26. The method of claim 25, wherein the fourth criterion applies only to codons in a normalized codon usage table having a frequency less than a contiguous rarity threshold, wherein the contiguous rarity threshold is between 10% and 50%, such as between 15% and 40%, such as between 20% and 30%.
27. The method of any preceding claim, wherein the amino acid sequence is received from a database of amino acid sequences.
28. The method of claim 26, further comprising requesting the amino acid sequence from a database of the amino acid sequences, wherein the amino acid sequence is received in response to the request.
29. The method of any preceding claim, wherein the first codon usage table is received from a database of codon usage tables.
30. The method of claim 29, further comprising requesting the first codon usage table from a database of the codon usage tables, wherein the first codon usage table is received in response to the request.
31. The method of any preceding claim, further comprising displaying at least one optimized nucleotide sequence on a screen.
32. A computer program comprising instructions which, when executed by a computer, cause the computer to carry out the method according to any preceding claim.
33. A data processing system comprising means for performing the method of any preceding claim.
34. A computer-readable data carrier on which a computer program according to claim 32 is stored.
35. A data carrier signal carrying the computer program according to claim 32.
36. A method for synthesizing a nucleotide sequence, the method comprising:
performing the computer-implemented method of any one of claims 1 to 31 to generate at least one optimized nucleotide sequence; and
synthesizing at least one of the generated optimized nucleotide sequences.
37. The method of claim 36, wherein the method further comprises inserting the synthesized optimized sequence into a nucleic acid vector for in vitro transcription.
38. The method of claim 36 or 37, wherein the method further comprises inserting one or more termination signals at the 3' end of the synthesized optimized nucleotide sequence.
39. The method of claim 38, wherein the one or more termination signals are encoded by the nucleotide sequence of seq id no:
5’-X 1 ATCTX 2 TX 3 -3’,
wherein X 1 、X 2 And X 3 Independently selected from A, C, T or G.

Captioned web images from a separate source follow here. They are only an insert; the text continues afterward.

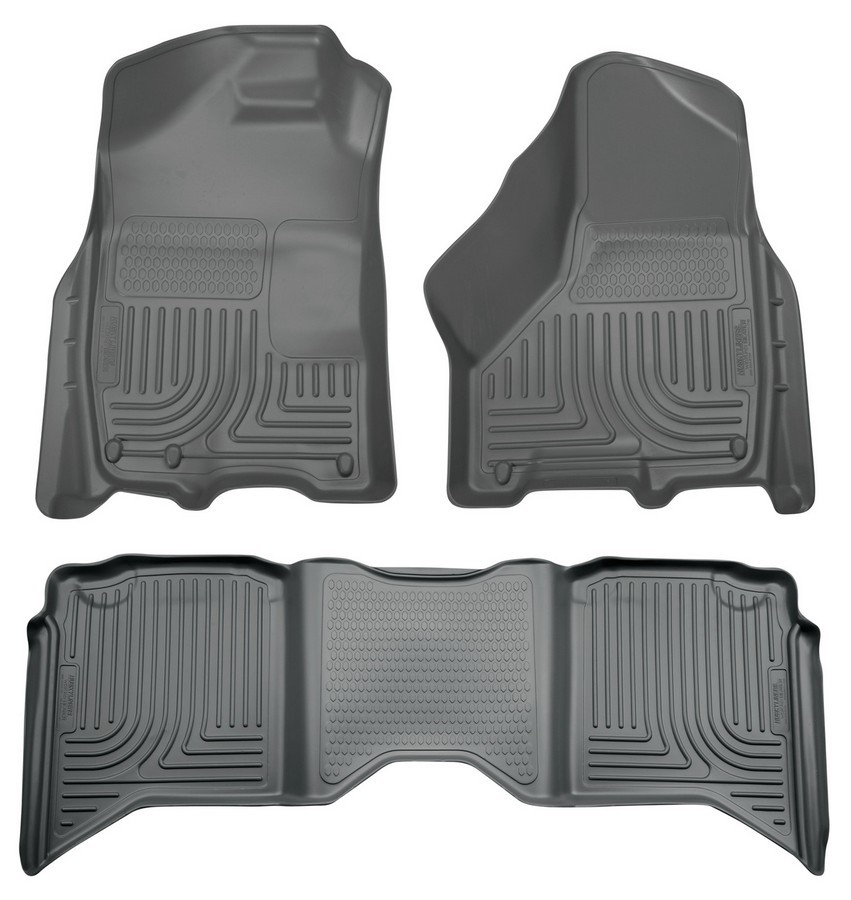 HUSKY LINERS 09- Ram 1500 Crew Cab Front/2nd Seat Liners 99002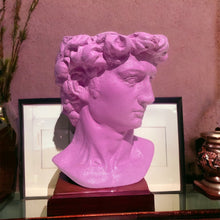 Load image into Gallery viewer, Medium David&#39;s Head statue
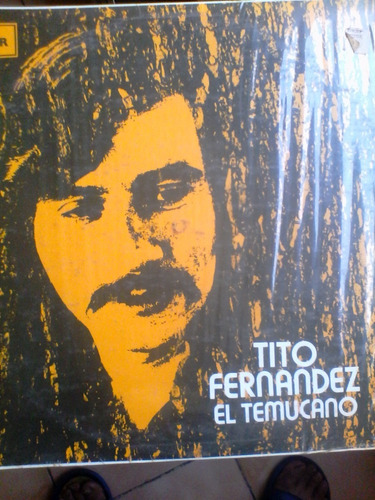 Lp - Tito Fernández - El Temucano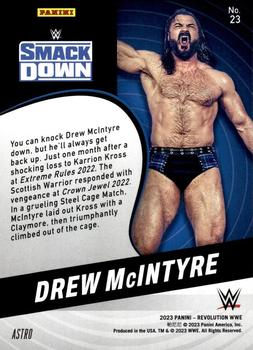 2023 Panini Revolution WWE - Astro #23 Drew McIntyre Back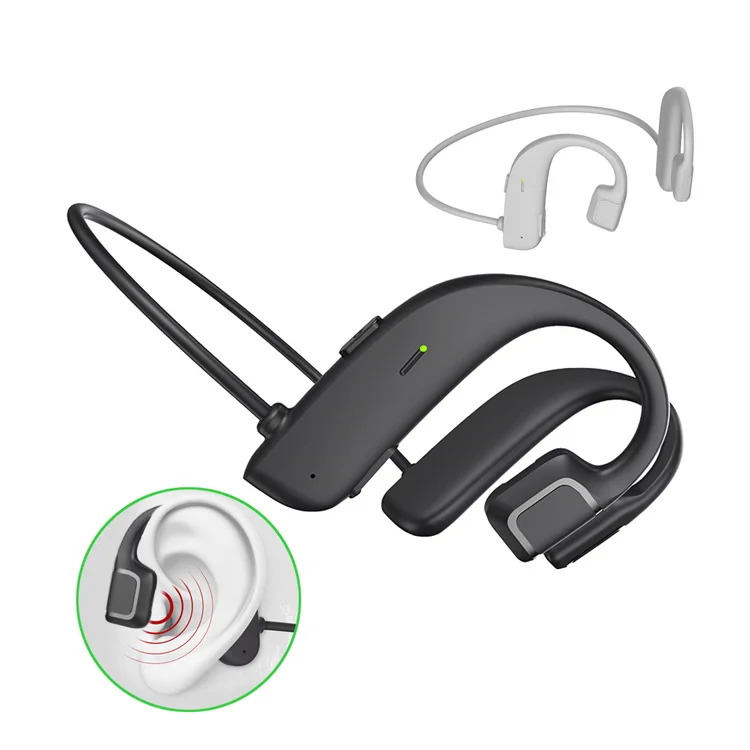 

Upgraded Air Conduction Dual Listening Waterproof Wireless Headphone Sport Open Ear Handsfree Headset For Blue tooth 5.0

40. The method of claim 38 or 39, wherein the one or more termination signals are encoded by one or more of the following nucleotide sequences:
TATCTGTT;
TTTTTT;
AAGCTT;
GAAGAGC; and/or
TCTAGA。
41. The method of any one of claims 38 to 40, wherein more than one termination signal is inserted and the termination signals are separated by 10 base pairs or less, such as 5-10 base pairs.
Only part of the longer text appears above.